Gładzie przeznaczone są do wykonywania najcieńszej warstwy wykończeniowej, która decyduje o ostatecznej gładkości i wyglądzie ściany. Z tego powodu ich warstwa nie przekracza 2 mm. Można je stosować na wszystkich podłożach mineralnych wewnątrz budynków. Dostępne na rynku gładzie sprzedawane są w workach jako suche mieszanki, które należy w odpowiednich proporcjach rozrobić z wodą. Różnią się rodzajem użytego do produkcji gipsu – może być syntetyczny lub naturalny. Zazwyczaj przekłada się to na kolor gotowego wyrobu. Gips syntetyczny może być kremowy lub lekko żółtawy, natomiast naturalny – biały lub jasnoszary. Gładź gipsowa jest łatwa do nakładania i wygładzania oraz miękka w obróbce i szlifowaniu. W przypadku stosowania gładzi podłoże musi być odpowiednio równe. Zaczynamy więc od wypełnienia większych ubytków i nierówności, zdarza się czasami, że będziemy musieli wyprowadzić całe płaszczyzny ścian i sufitów– wykorzystujemy w tym celu gładzie szpachlowe. Powierzchnia musi być oczyszczona z kurzu, resztek farby oraz osypujących się fragmentów.Kolejną czynnością – często pomijaną– jest gruntowanie. Dobór preparatu gruntującego zależy od podłoża. Na powierzchniach chłonnych (wciągających wilgoć po zmoczeniu wodą) stosuje się produkty zmniejszające nasiąkliwość, natomiast do niechłonnych, np. betonowych (stropy czy ściany z wielkiej płyty) dobrym wyborem będą tzw. grunty sczepne. Mają one postać gęstej farby i po nałożeniu tworzą bardzo mocno przylegającą do podłoża, szorstką warstwę, która ułatwia nakładanie gładzi i zwiększa jej przyczepność. Pamiętajmy jednak, że ten rodzaj gruntu wymusza konieczność nałożenia grubszej warstwy gładzi.

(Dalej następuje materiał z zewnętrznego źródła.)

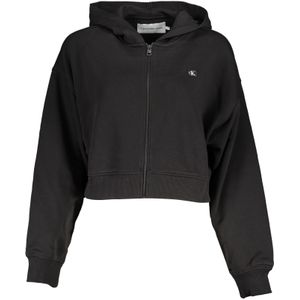 Calvin Klein 91174 sweatshirt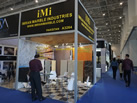IMRAN MARBLE INDUSTRIES
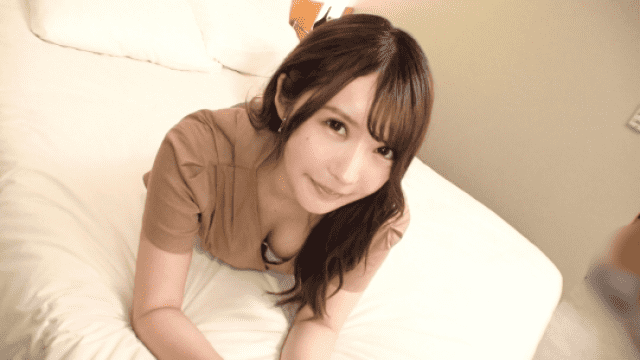 FHD Siro-AV SIRO-3942 Beautiful beauty Ibekon san likes to be slammed hard ass - Server 2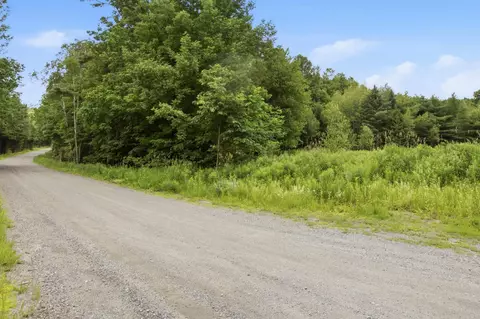 38 Cross Rd, Bath, NH 03740 photo 8
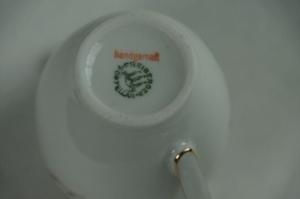 DSC08380.JPG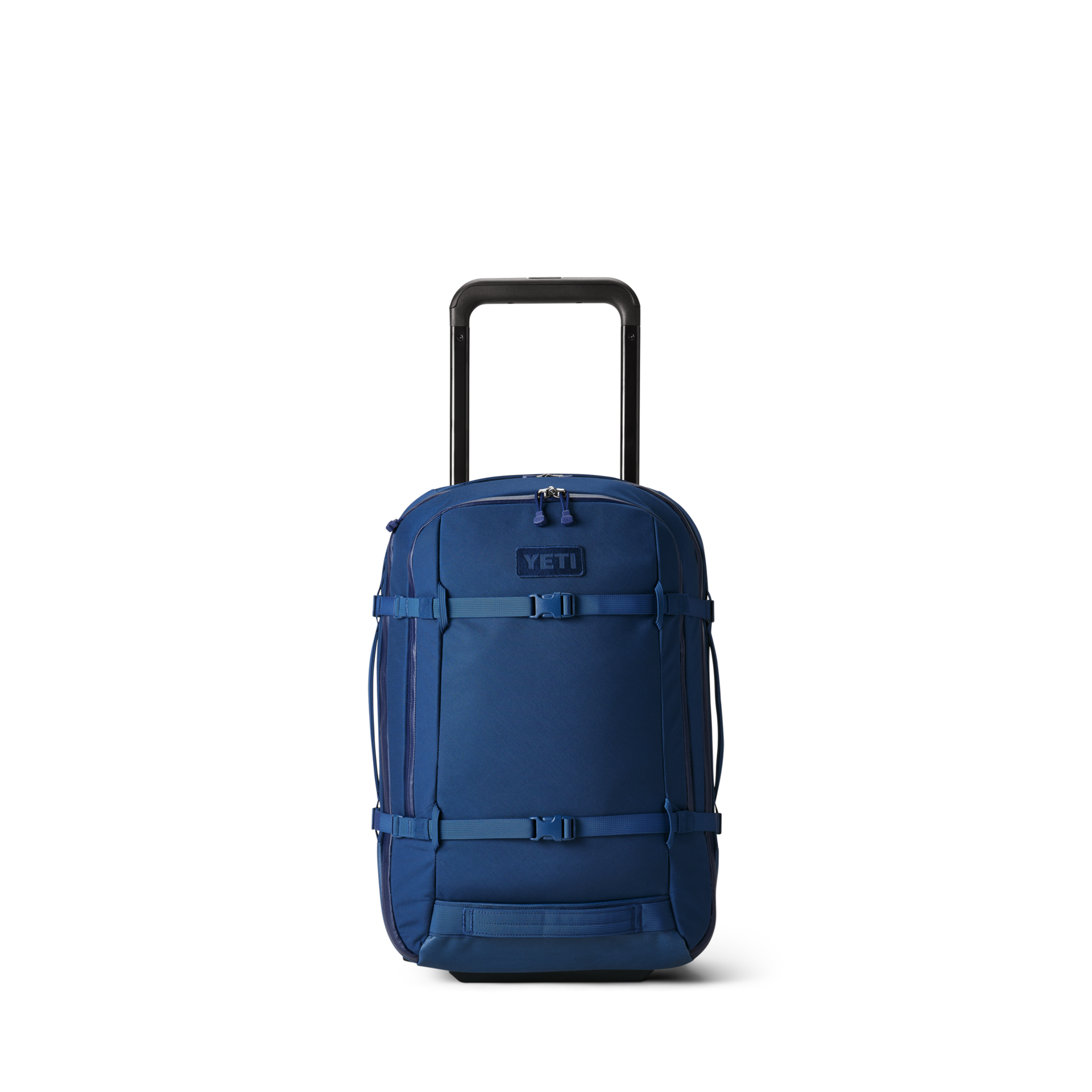 56 CM Luggage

Podstawową różnicą między tynkiem a gładzią jest podłoże, na które stosuje się te produkty. Tynk nakłada się bezpośrednio na „surowe” ściany, nie są wymagane żadne dodatkowe warstwy. Natomiast gładź gipsowa to warstwa dekoracyjna, którą stosuje się na chropowatą warstwę tynku, np. cementowo-wapiennego.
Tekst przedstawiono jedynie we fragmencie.